Civljane () is a village and municipality in Šibenik-Knin County, Croatia. With only 239 inhabitants, it is the smallest municipality in Croatia by population. Civljane is an underdeveloped municipality which is statistically classified as the First Category Area of Special State Concern by the Government of Croatia.

History
In the 9th century, probably during the time of Duke Branimir of Croatia, the Church of Holy Salvation (Crkva sv. Spasa) was built in Cetina, near Vrlika, then called Vrh Rike. It is the only Croatian early medieval church with almost entirely preserved walls.

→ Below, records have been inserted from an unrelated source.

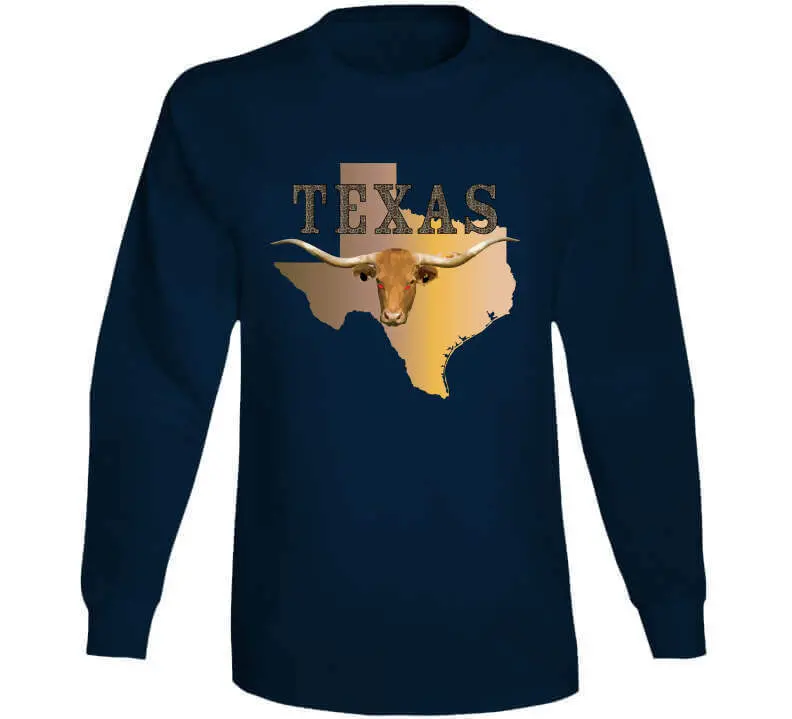 Texas Rattler Skin State Map with Longhorn Design – Classic T-Shirt, Crewneck Sweatshirt, Hoodie & Long-Sleeve Tee - Image 13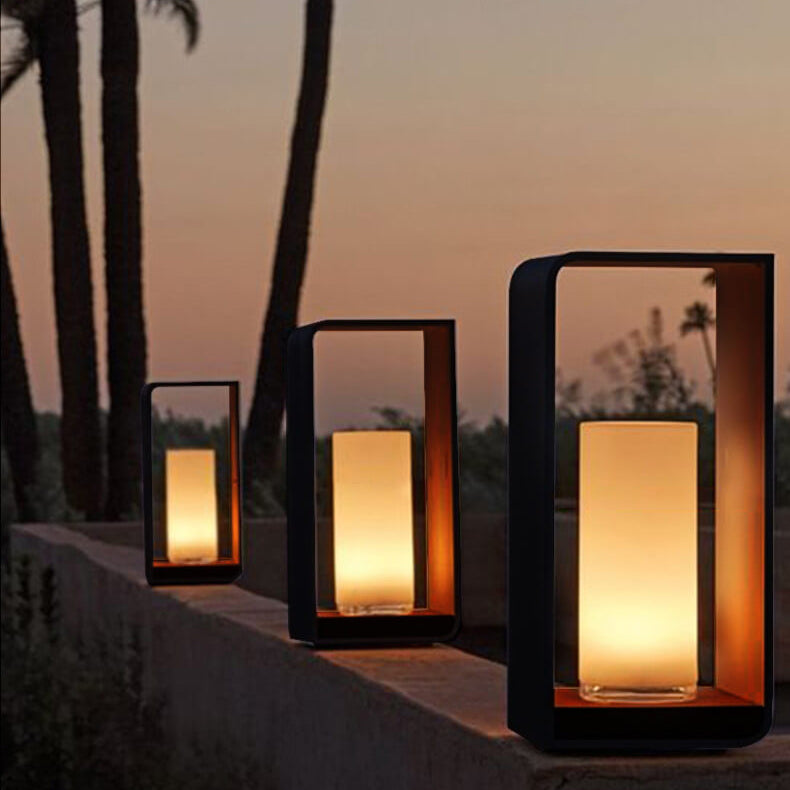 Modern Square Solar LED Outdoor Light – Waterproof Aluminum & Acrylic Wall Lamp, Warm White, Small, Medium or Large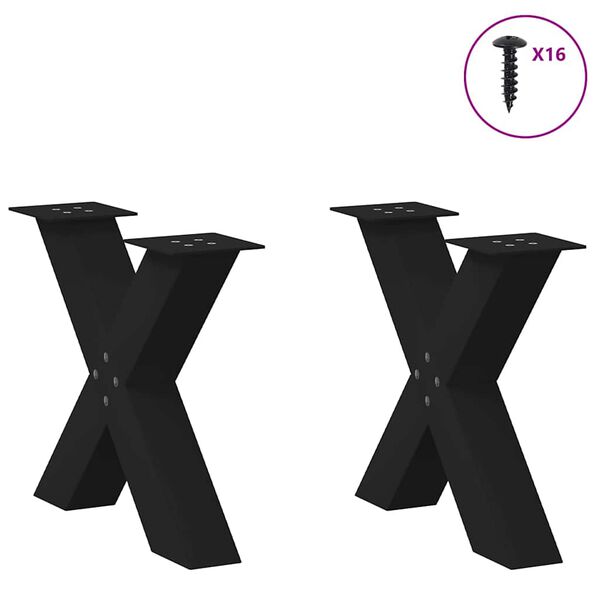 vidaXL Gambe per Tavolino da Caff&egrave; a Forma di X 2 pz Nere 60x(42-43) cm Acciaio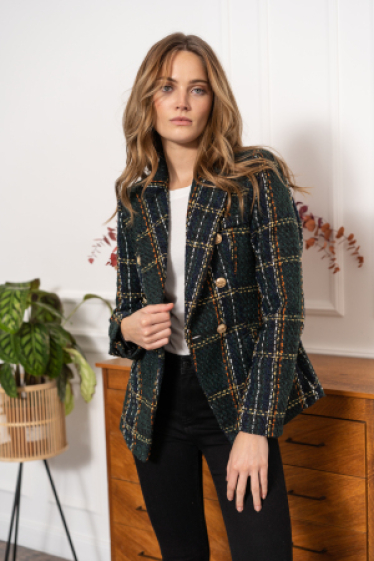 Grossiste Attentif - Veste blazer cintrée en tweed style écossais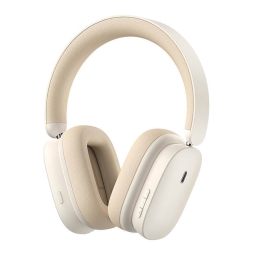 Wireless Headphones, Bluetooth 5.2, Hybrid ANC, music up to 70 hours, 40mm: Baseus Bowie H1 - White-Cream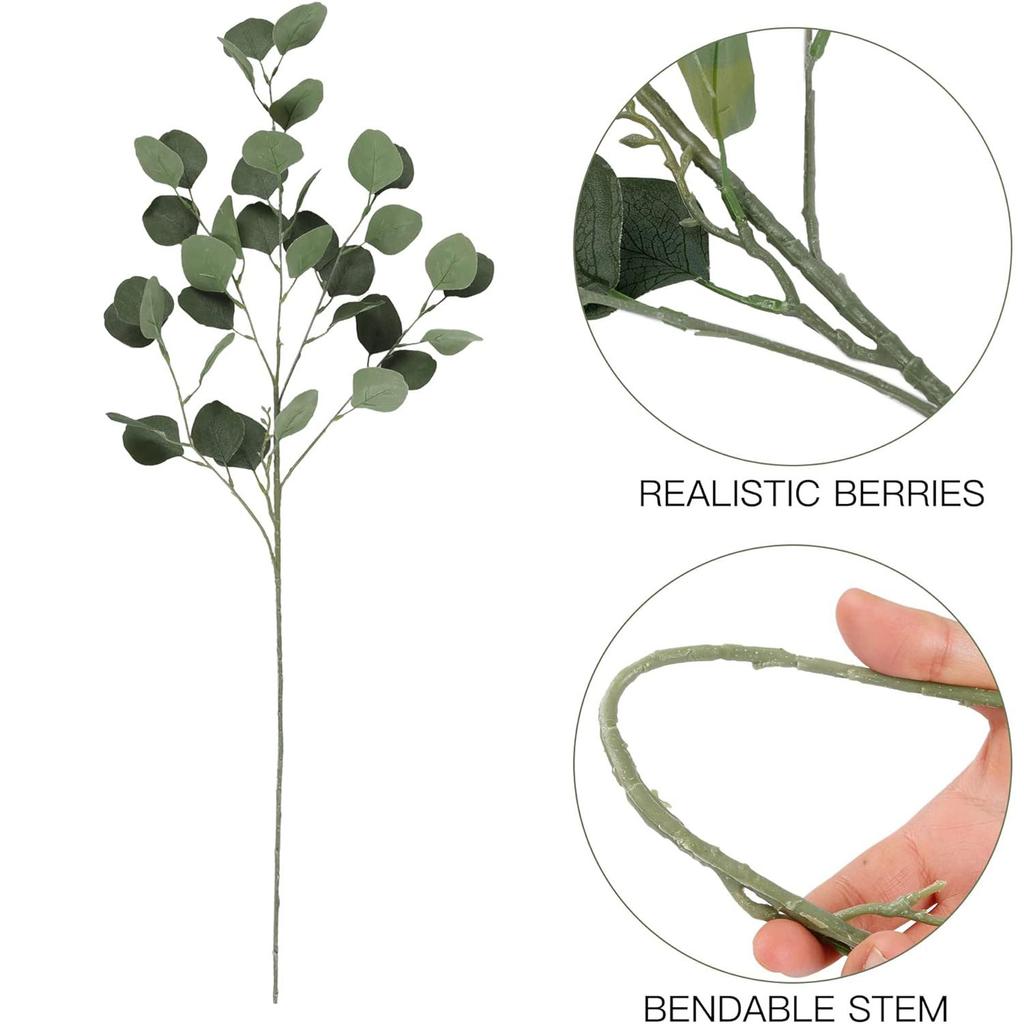 Artificial flower Silk Long branch Eucalyptus combination bridal bouquet Wedding Home vase table DIY gift box scrapbook Decor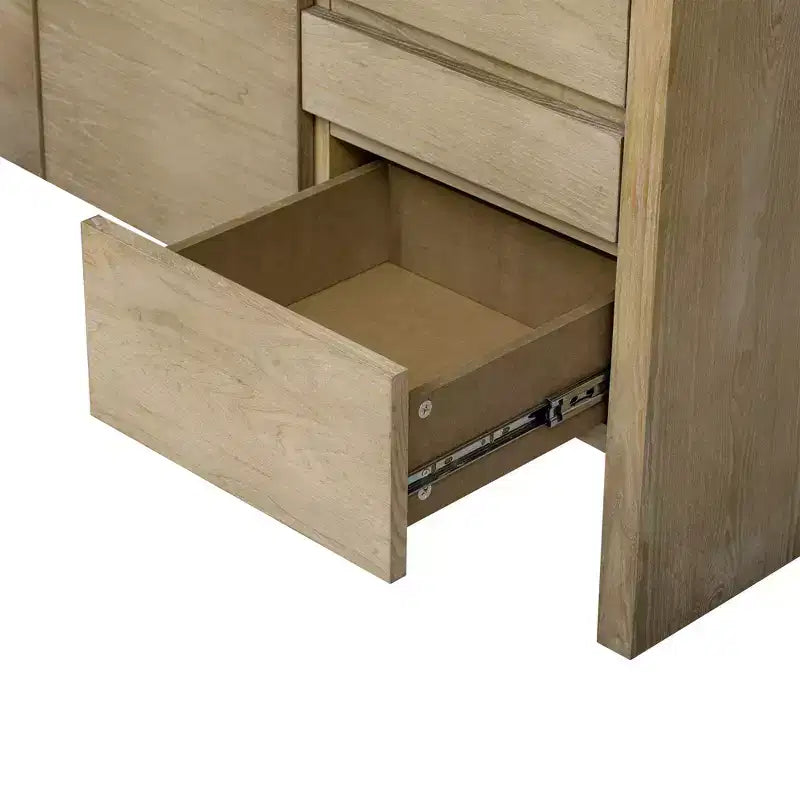 Luxystar Credenza Moderna a 60 Ante con Scaffale Aperto e Cassetti, Naturale
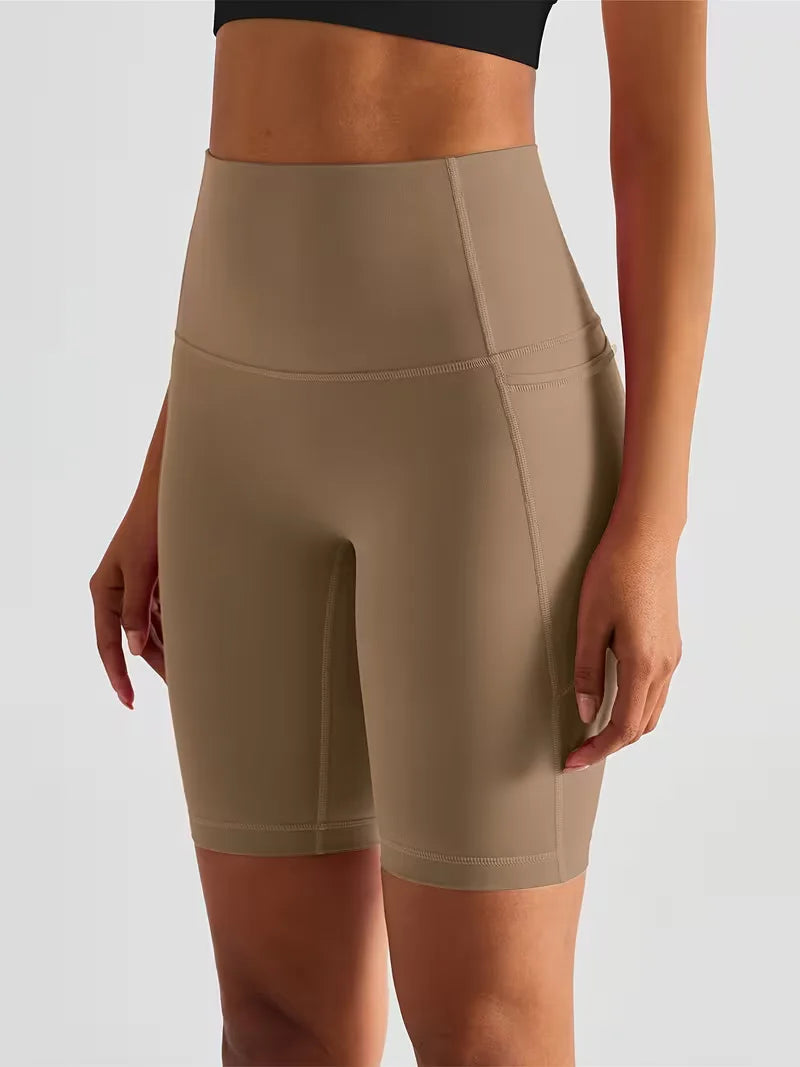 Dames Sportshort met Hoge Taille en Zijzak Ademend
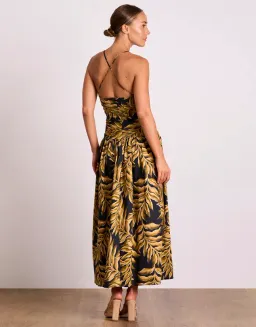 Pasduchas Elody Rouche Midi Dress Black Print Size 8 for rent on The Volte - image 3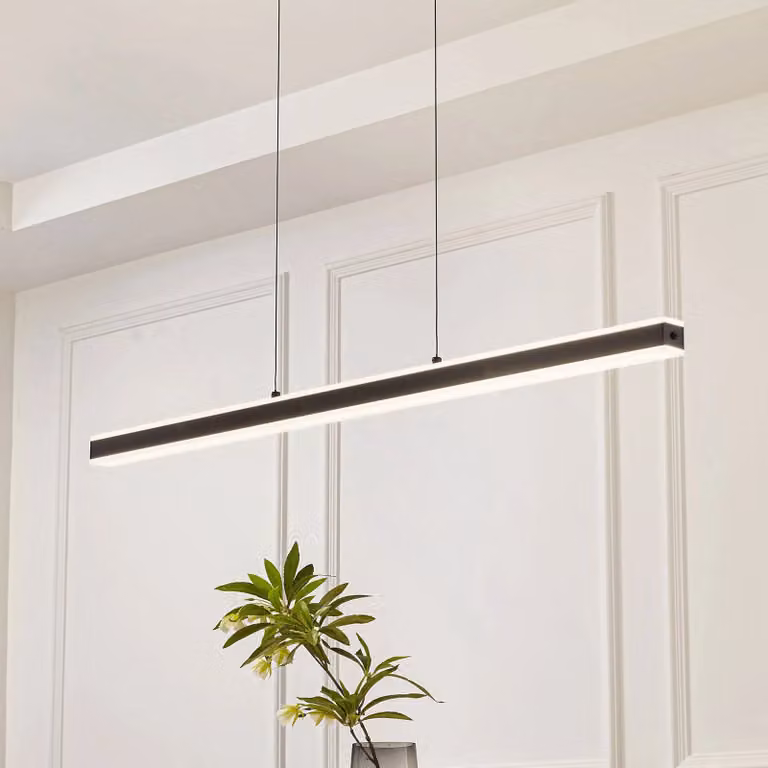 Lucande lampada LED a sospensione Pendolo, nero, alluminio, 120 cm Lucande, dimmerabile, Nero, Soggiorno / Sala da pranzo, Alluminio, Moderno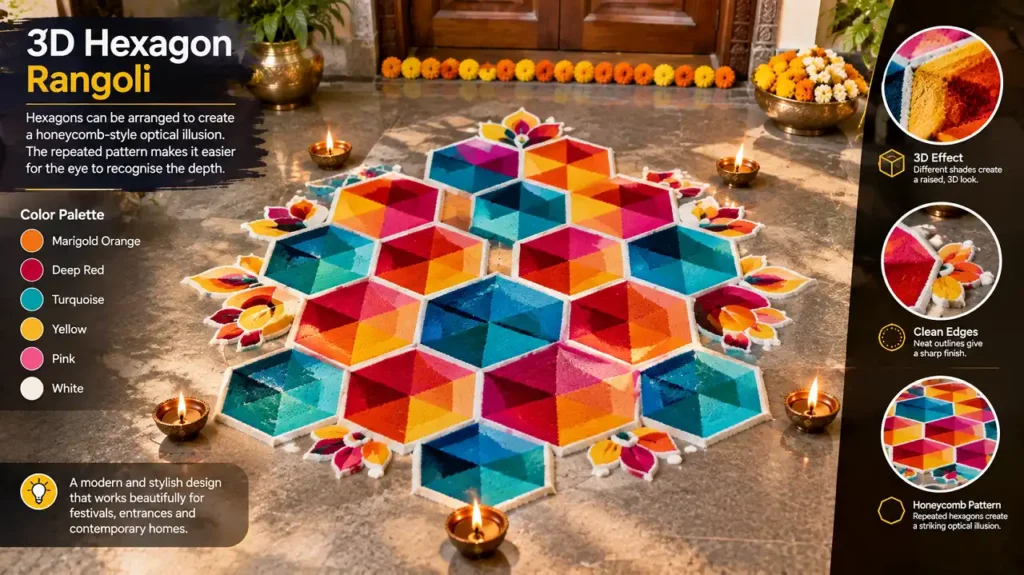 Colorful 3D hexagon rangoli with honeycomb optical illusion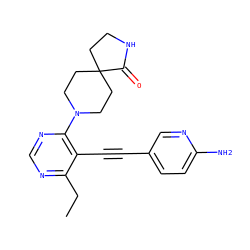 CCc1ncnc(N2CCC3(CCNC3=O)CC2)c1C#Cc1ccc(N)nc1 ZINC000149265139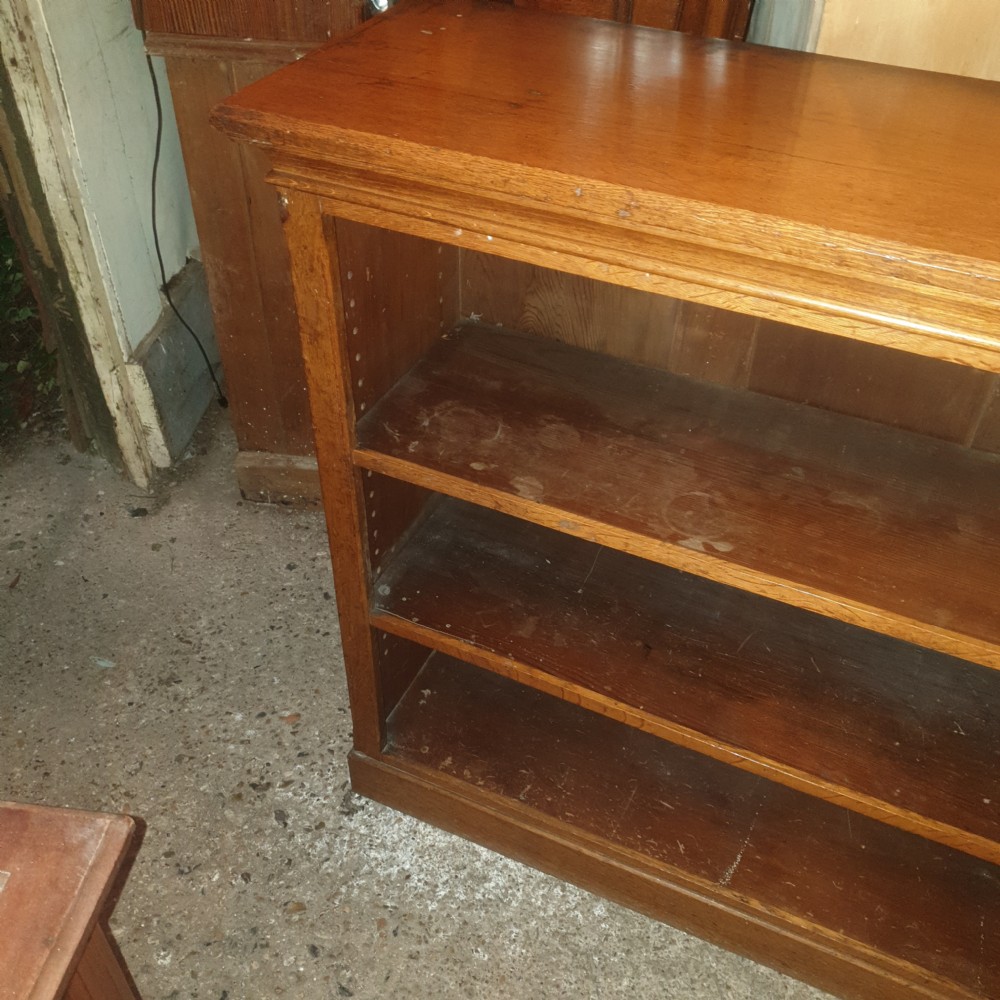 Late Victorian oak open bookcase  View III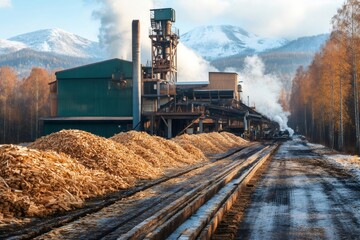 Naklejka premium Wood chip piles forming lines at lumber mill with smoking chimneys and snowy mountain peak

The Eastern Orthodox Church of Holy Salvation on the spring of the Cetina River was built in 1940, founded by Marko Četnik and his wife Jelena. The church was rebuilt in 1974.

Population
As of 2011, there are 188 Serbs, making up 78.7% of the population, and 44 Croats, making up 19.7% of the population, and 7 others. There are 216 Croatian speakers, and 4 Serbian speakers.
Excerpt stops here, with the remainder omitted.